Sunday, April 5, 2015

ToBY’s (2 b’s) Point  

I have always enjoyed learning the lingo and pronouncement of bayou names and place names used by the Bayou Pigeon people.  

Loss of knowledge about place names reminds us that we can never know everything about the past.

Place names for certain features / landmarks in the swamp are very important because they can be related to each other in terms of their physical position which is used in communication with others. 

I quickly learned from my Bayou Pigeon native Cajun friends growing up the names of these important reference points.

These names usually serve as a reference point in a conversation.

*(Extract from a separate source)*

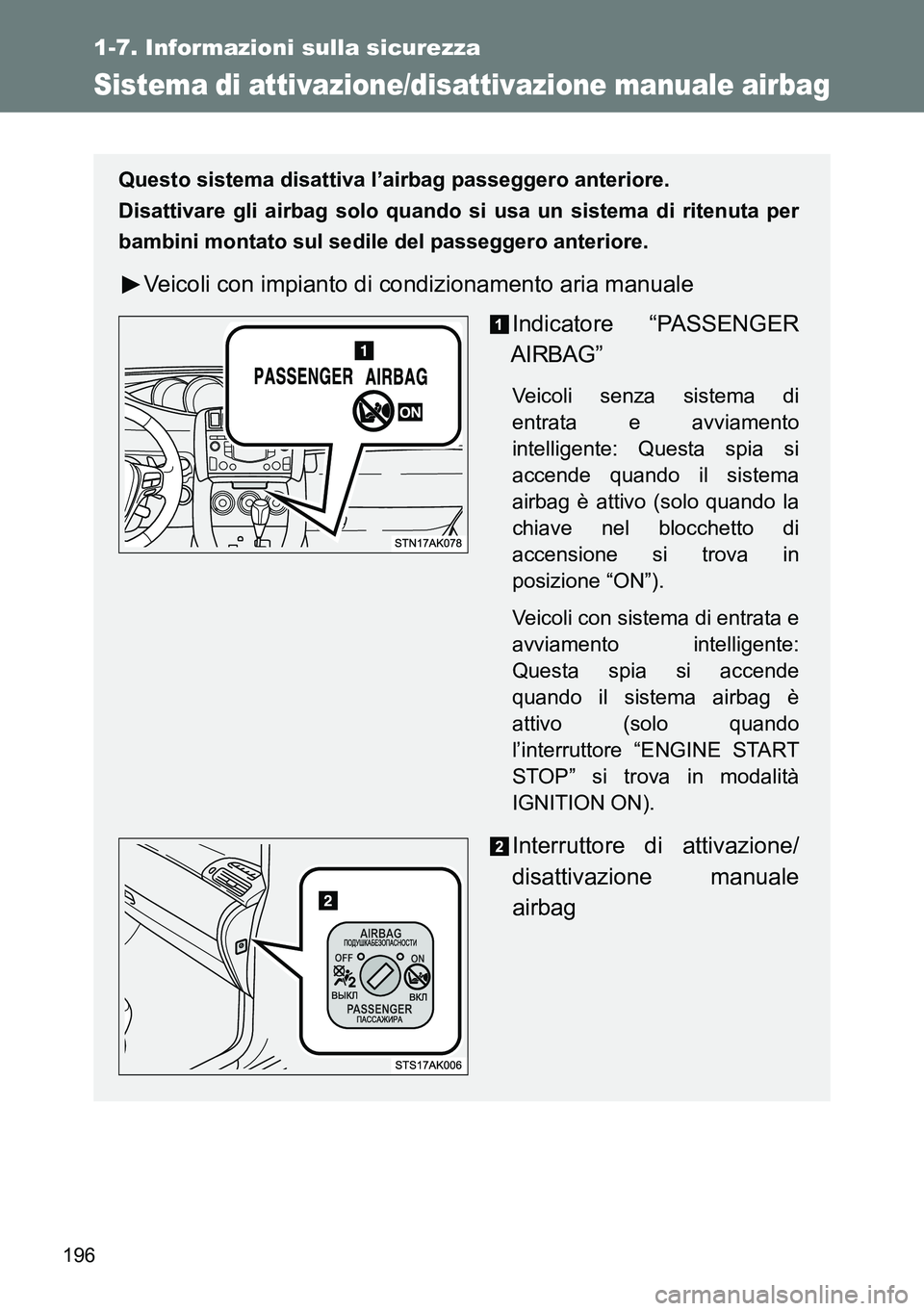 TOYOTA VERSO 2014  Manuale duso (in Italian) 196
1-7. Informazioni sulla sicurezza
Sistema di attivazione/disattivazione manuale airbag
Questo sistema disattiva l’airbag passeggero anteriore.
Disattivare gli airbag solo quando si usa un sistem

For example, "The other day i caught a big turtle on To_BY 's point". 

You know exactly what / where the person is talking about,

Since it is not on an official map anywhere, an outsider might not have a clue where we are talking about.

To_BY's Point

The origin of the name ToBY’s (pronounced 2b’s) Point may be loss to history.  

It’s origin and how it should be spelled is loss to all the people who I have spoken with who came of age in the 1940’s and 50’s.  They all know of the name, but how it came about is not remembered.  

It was important place back in the day when, Bayou Pigeon residents had to catch, kill, trap  or grow their next meal.  

That was not that long ago.

I speculate it may have been named so after someone with the first name Toby. 

Cajun slang could have easily pronounced the name '2 b".  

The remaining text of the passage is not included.